◆ The task ◆
Leaving all pictures aside, copy exactly the lines from the start of the listing below through the line that contains "TPES86451: Petirrojo en", and only those lines.

Segment Start: Records for the task

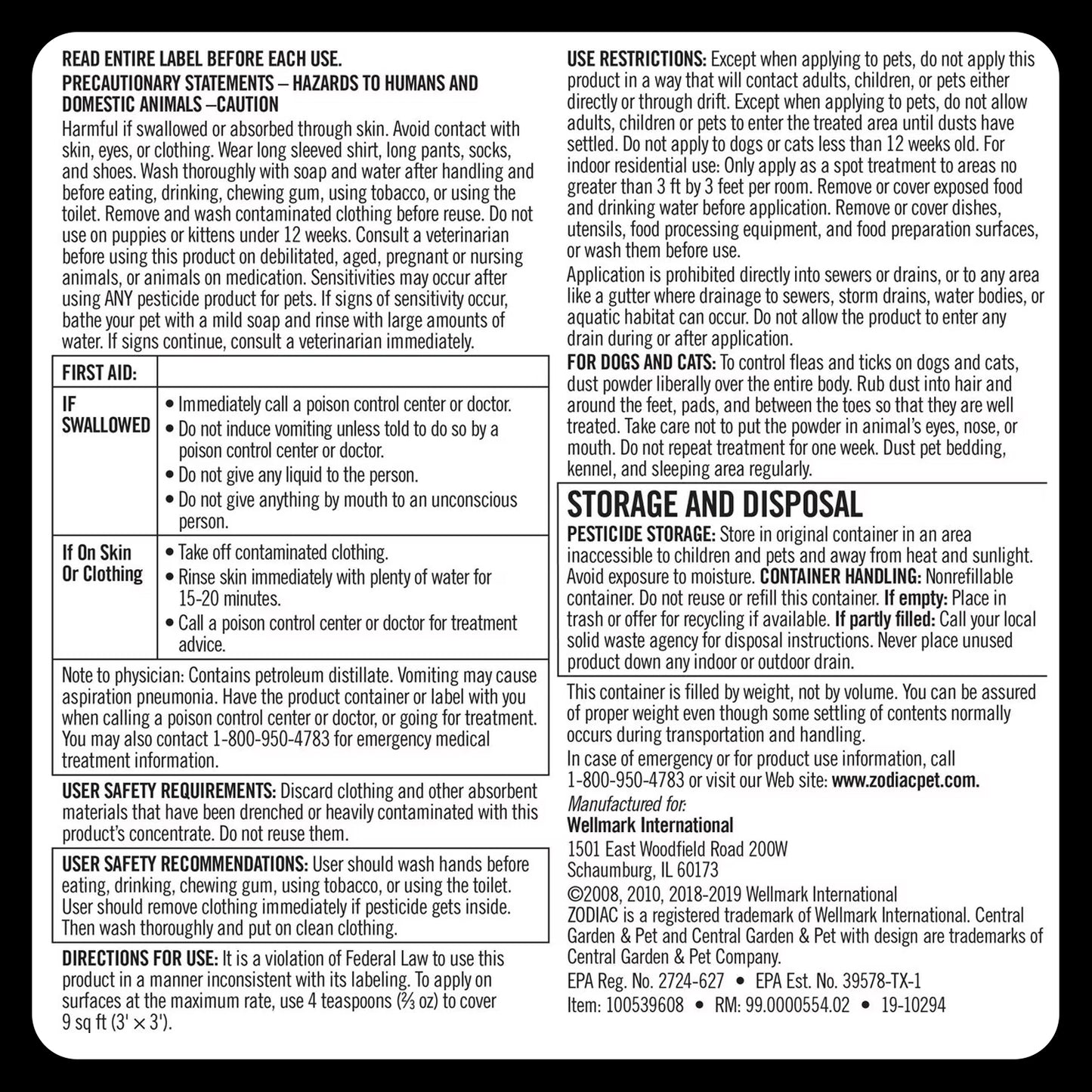 Zodiac Flea & Tick Powder for Dogs, Puppies, Cats & Kittens – 6 oz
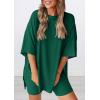 imagePRETTYGARDEN Womens Two Piece Lounge Set 2025 Summer Casual Oversized Shirts Biker Shorts Matching Airport Travel OutfitGreen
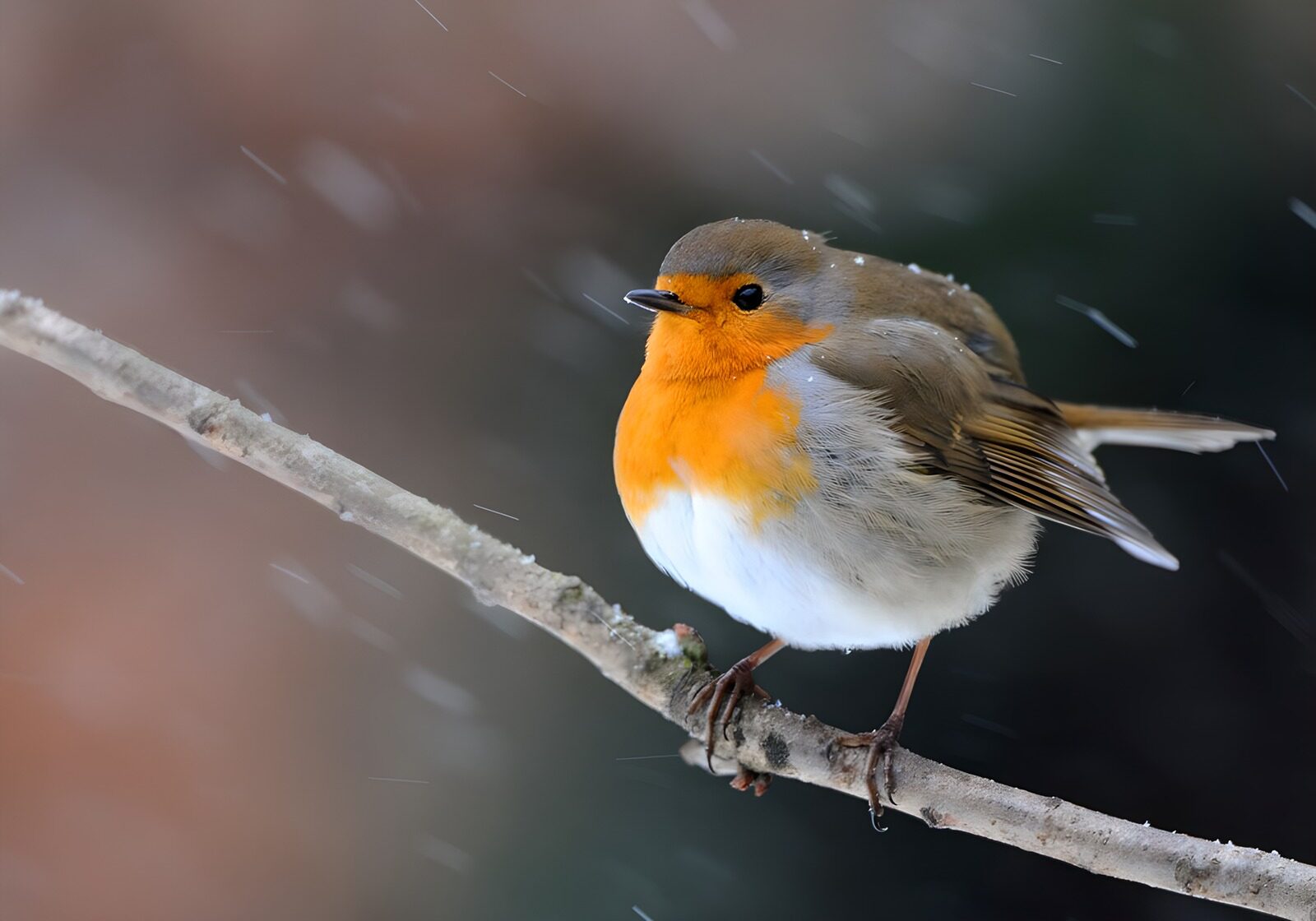 TPES86451: Petirrojo en una rama bajo la nieve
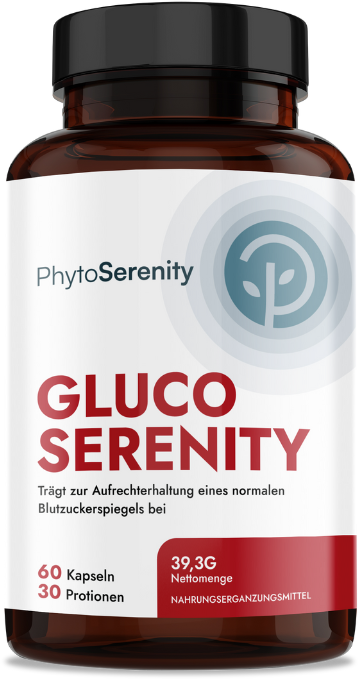 Eine Flasche ‚Gluco Serenity‘ vor neutralem Hintergrund, die das klare Design und die klare Etikettierung des Produkts hervorhebt.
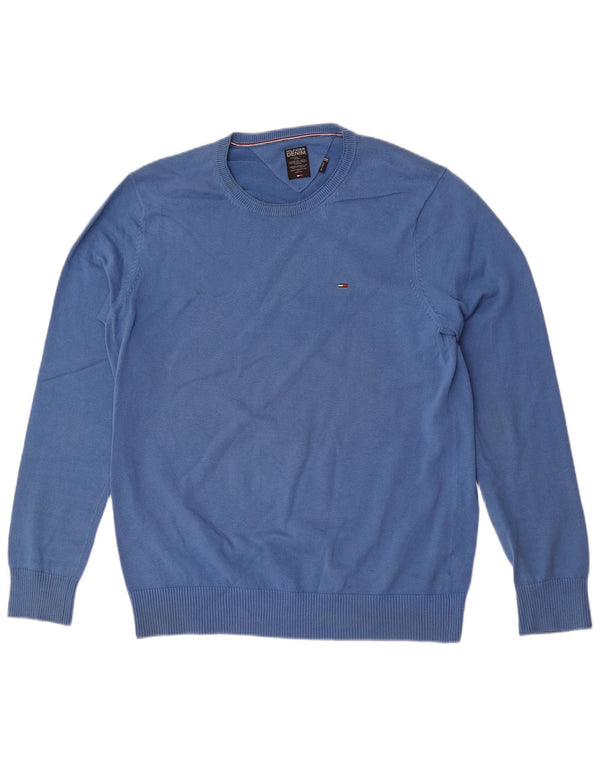 Tommy Hilfiger Pull à col rond pour homme en coton bleu 2XL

Segment End: Records for the task

◆ Your response ◆
 Zodiac Flea & Tick Powder for Dogs, Puppies, Cats & Kittens – 6 oz
 imagePRETTYGARDEN Womens Two Piece Lounge Set 2025 Summer Casual Oversized Shirts Biker Shorts Matching Airport Travel OutfitGreen
 TPES86451: Petirrojo en una rama bajo la nieve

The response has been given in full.